The worst may be my depression. The vicious circle of doing nothing, using Internet to fill the void, and feeling guilty, being afraid to reach out and meet people, etc. On one of those worst days, I finally decided to do something, and I went to the CCRB. And accidentally, I talked with one stranger in a group. I couldn't recall which one, and I couldn't remember I went to talk with him first or he came to talk with me. I am now friends with them, at least some of them. I went to their "life group", and some other church activities. Unfortunately I just went to the Sunday service once, and I didn't go to Lake Huron with them for July 4th holiday. But still, I feel really grateful for that totally random encounter. It gets me some really good friends with whom I believe I can have lots of interesting conversations. And it gets me a really good training partner. I remember the sheer joy of spending time with them would soon be overcome by the loneliness again. And I still didn't really find the motivation, and long-lasting joy from doing meaningful work until the "prelim pressure" overshadowed my mind. But on the other hand, I feel really really good and proud that I restarted bodybuilding/workout, or as they say, lifting. Equally significantly, it opens a window for me. I am talking about Christianity. More on that later.
The summer ended on high notes though. The prelim review was stressful, meaningful, fruitful, and in retrospect, successful. Started later than planned, progressed really inefficiently and slowly for a long time, it got its momentum short after July 4th. I remember I realize how much work I had to do, or how much I hadn't understood, in days leading to the July 4th holiday. And through the 40-days-or-so of overall intensive work, I felt my level of understanding of the modern macro foundation, and its mechanics, price theory, general equilibrium and game theory, really improved significantly. In those days, I always thought "Gosh! This is what I should have understood/got when I studied this. What was I doing?", and "I might just get what some already got or understood seven, eight months ago, of course they don't need to study much, if at all, now". And today, I still wouldn't say I am confident about getting everything the first year education should give me, all the knowledge underlying the problems (classic theory, the core theoretical understanding of economics). But at least I know, I went through a lot of things, and I should meet a lot of situations and realize, or recall, "I have done this before".
I passed both theory prelims, the first of many hurdles en route to a professional economist. My closest friends got what they deserved too. But there are surprises, on "both sides". Maybe just as one friend says, "if there is no surprise, it is not an 'exam'". Exams, just like big sports events, are cruel.
The title says, "the first year in retrospect". I shouldn't just talk about the summer, but days further back. The typical one-liner description is "the first year is tougher than I expected", and definitely not satisfactory. It started with a strange sense of indifference and boredom that could be explained by tremendous psychological trauma and fear left from the application days (the first half of 2009), and the strange feeling of being a "host" and old guy here.
Jim encouraged me in the beginning of the year to go to as many seminars as I could.
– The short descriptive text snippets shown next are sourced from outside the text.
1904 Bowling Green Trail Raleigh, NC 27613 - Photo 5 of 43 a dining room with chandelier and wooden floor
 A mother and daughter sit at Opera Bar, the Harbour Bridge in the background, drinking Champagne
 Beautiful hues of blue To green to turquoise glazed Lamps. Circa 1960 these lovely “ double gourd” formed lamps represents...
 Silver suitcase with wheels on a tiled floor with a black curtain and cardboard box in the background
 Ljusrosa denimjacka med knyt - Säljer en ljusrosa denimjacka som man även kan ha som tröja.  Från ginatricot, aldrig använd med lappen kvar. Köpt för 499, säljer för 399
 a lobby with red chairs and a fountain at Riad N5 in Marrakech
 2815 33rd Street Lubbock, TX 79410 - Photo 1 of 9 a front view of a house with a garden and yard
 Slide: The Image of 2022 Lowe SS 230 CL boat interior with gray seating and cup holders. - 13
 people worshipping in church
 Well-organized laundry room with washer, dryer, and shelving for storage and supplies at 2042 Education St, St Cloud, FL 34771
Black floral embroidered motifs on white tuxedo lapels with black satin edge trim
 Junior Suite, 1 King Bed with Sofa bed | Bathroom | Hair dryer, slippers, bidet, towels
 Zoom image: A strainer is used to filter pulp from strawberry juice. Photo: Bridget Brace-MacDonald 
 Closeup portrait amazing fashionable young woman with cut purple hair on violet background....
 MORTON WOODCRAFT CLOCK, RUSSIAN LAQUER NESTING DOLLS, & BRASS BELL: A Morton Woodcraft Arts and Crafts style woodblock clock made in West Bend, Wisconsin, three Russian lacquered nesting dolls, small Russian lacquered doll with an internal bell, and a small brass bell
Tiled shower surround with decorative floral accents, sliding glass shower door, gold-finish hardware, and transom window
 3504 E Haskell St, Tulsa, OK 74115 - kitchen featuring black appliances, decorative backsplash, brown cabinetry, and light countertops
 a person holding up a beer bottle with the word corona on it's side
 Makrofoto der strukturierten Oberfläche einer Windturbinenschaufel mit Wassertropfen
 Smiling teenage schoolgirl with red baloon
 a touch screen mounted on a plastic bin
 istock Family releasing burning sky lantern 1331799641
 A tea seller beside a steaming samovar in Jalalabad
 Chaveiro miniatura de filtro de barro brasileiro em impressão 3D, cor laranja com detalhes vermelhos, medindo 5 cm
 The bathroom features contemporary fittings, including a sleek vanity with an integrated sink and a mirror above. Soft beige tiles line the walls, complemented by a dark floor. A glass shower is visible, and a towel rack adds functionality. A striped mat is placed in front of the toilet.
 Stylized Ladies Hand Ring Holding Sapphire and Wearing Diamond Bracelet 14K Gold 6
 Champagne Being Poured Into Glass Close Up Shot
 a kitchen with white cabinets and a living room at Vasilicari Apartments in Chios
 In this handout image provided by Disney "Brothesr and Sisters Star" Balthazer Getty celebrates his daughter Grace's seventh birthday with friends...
I felt regretful not to follow his advice, as I still feel illiterate about the fields I am definitely interested in.
The core courses were poorly scheduled, especially in the first term. On Mondays and Wednesdays we had class from 8.30 to 10 and then 10-11.30. In the second term, we also had a 8.30 class--macro II. It is firmly in my opinion that such arrangements, along with the 8-10 A.M. finals, put students at disadvantage, unnecessarily so. But of course, the main point here is not to complain, but to confess: I didn't really try hard to match the schedule, go to sleep early to have my brain function optimally, or "normally" during class time. I always felt that if my brain felt good in the first class (metrics I), it would feel drained in the second class. Sometimes I was almost asleep in the first class, but felt much better in the second. Later in the term, I began to skip a lot of metrics lectures, because I couldn't get up that early. That per se didn't do much damage as I knew all those things before. But the "staying up late-->no energy for morning classes-->spend lots of time understanding the notes" vicious circle was what I hated the most, and I should confess the most deeply.
I really couldn't explain why I just didn't want to go to bed, even if I felt so tired and dizzy at mid-night or 1 A.M., and I wasn't there studying. I couldn't really explain, or tell what I was doing in late night: some meaningless light readings, the compulsion of checking news, tennis sites over and over, and something unspeakable. I tried to analyze it, but I realize that may get me additional troubles. Because as I think about it, like now, I feel that it is so easy to get to that "don't-want-to-get-to-sleep" mode, no matter you've had a good day, a productive day, an exhausting day, or a bad day. It is not easy for people to control their emotional flows, their mood, and people feel guilty too easily. It is sad and frustrating to realize these. To live a disciplined and responsible life, and be happy and motivated most of the time, is not easy. There seems nothing to prevent me from falling into the self-inflicted dizzy and low-productivity spiral. A good mix of working, reading, building muscles, and having good time with friends will keep me in the good state most of the time, which is more than I can ask for.
A few lines on specific regrets:
For 601 (decision theory), I definitely overlooked it. I could feel the insufficient practice on those materials every frequently, even now in the first two weeks of the second year.
On Lones, his course seemed loose and easy-going, you don't need to do work on regular basis and still could enjoy the lectures. But you were not actually REALLY enjoying it, or connecting with him, if you didn't do the work. He actually expected us to do a lot of work, the standard materials, and his own materials as well.
For 603 (general equilibrium), I learned the whole thing in late July and early August on my own. You can imagine how bad I felt about the me during those months and how proud I was after "being enlightened".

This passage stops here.